__Exercise aim__.
Images are to be dropped, and the rest of the data reproduced exactly.

--- Collected material ---

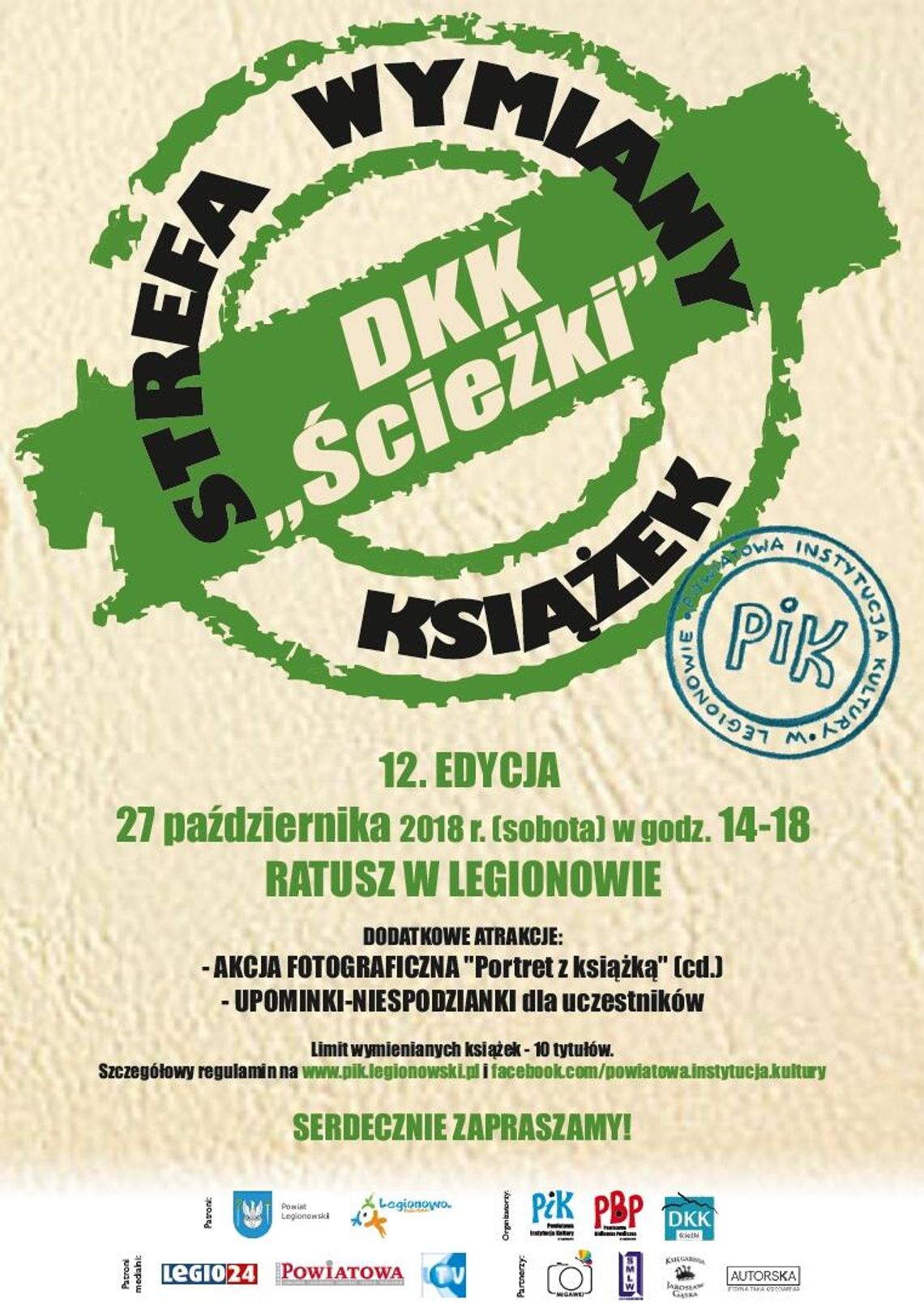 LEGIONOWO. Strefa Wymiany Książek! w legionowskim Ratuszu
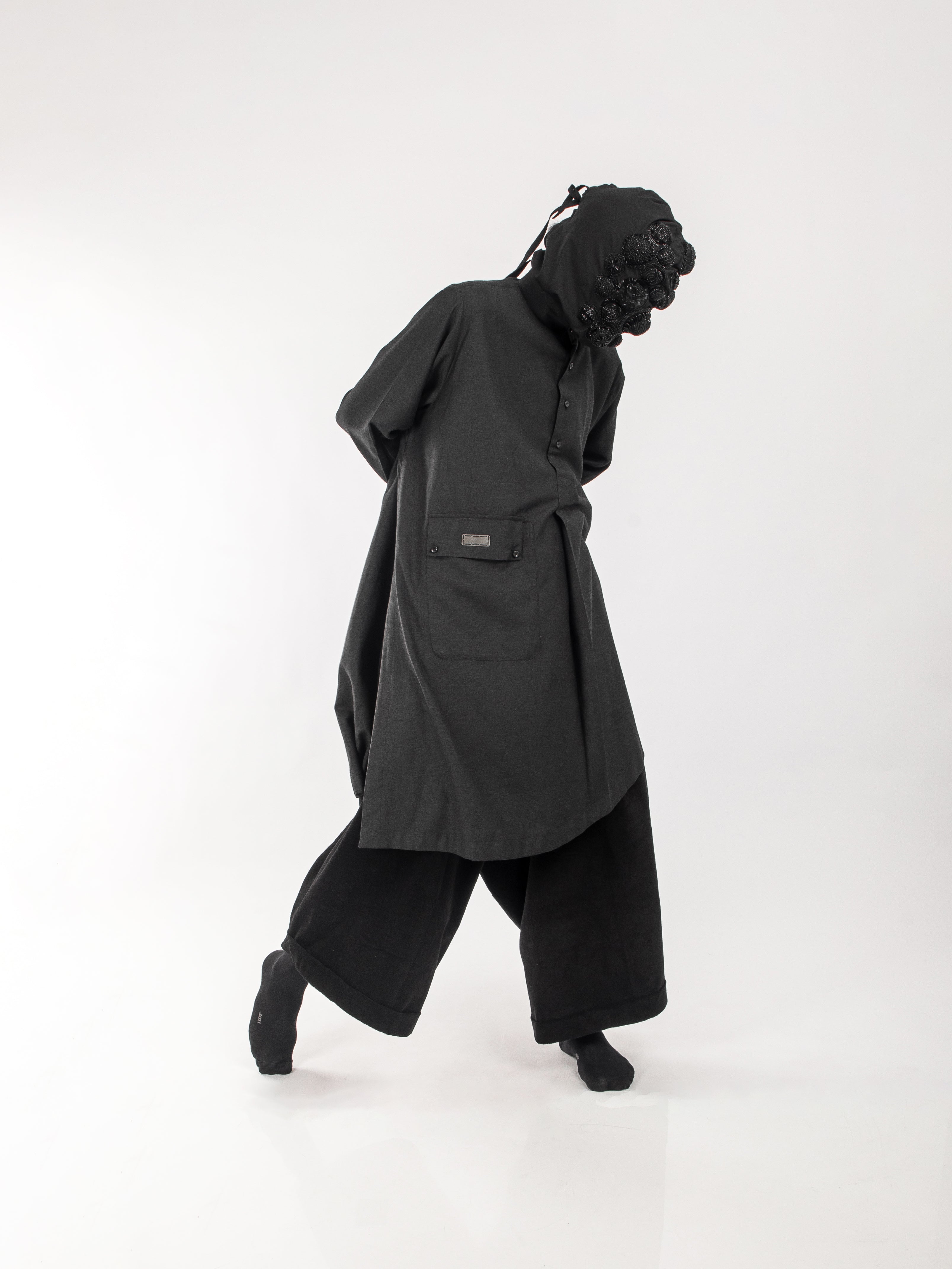 CORDUROY DROP CROTCH TROUSER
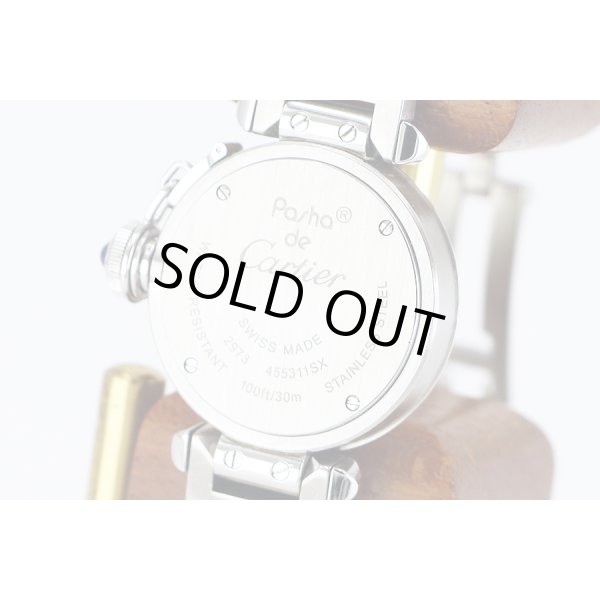 カルティエ　ミスパシャ　Ｗ３１４０００７　銀文字盤　裏面拡大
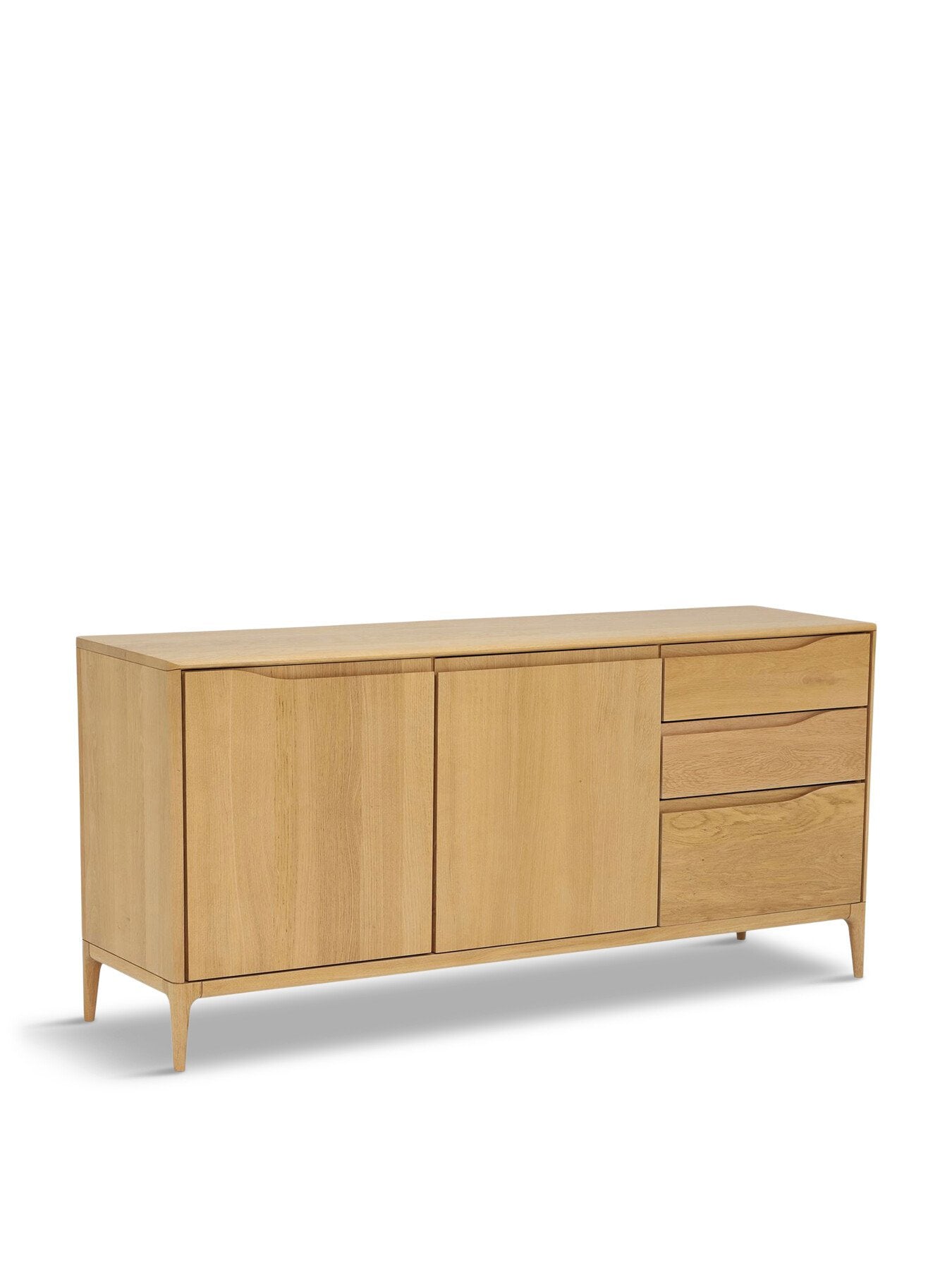 Romana Oak Wood 2 Door 3 Drawer Large Sideboard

---

__Task solution__.
 LEGIONOWO. Strefa Wymiany Książek! w legionowskim Ratuszu
 CORDUROY DROP CROTCH TROUSER
 カルティエ　ミスパシャ　Ｗ３１４０００７　銀文字盤　裏面拡大
 Romana Oak Wood 2 Door 3 Drawer Large Sideboard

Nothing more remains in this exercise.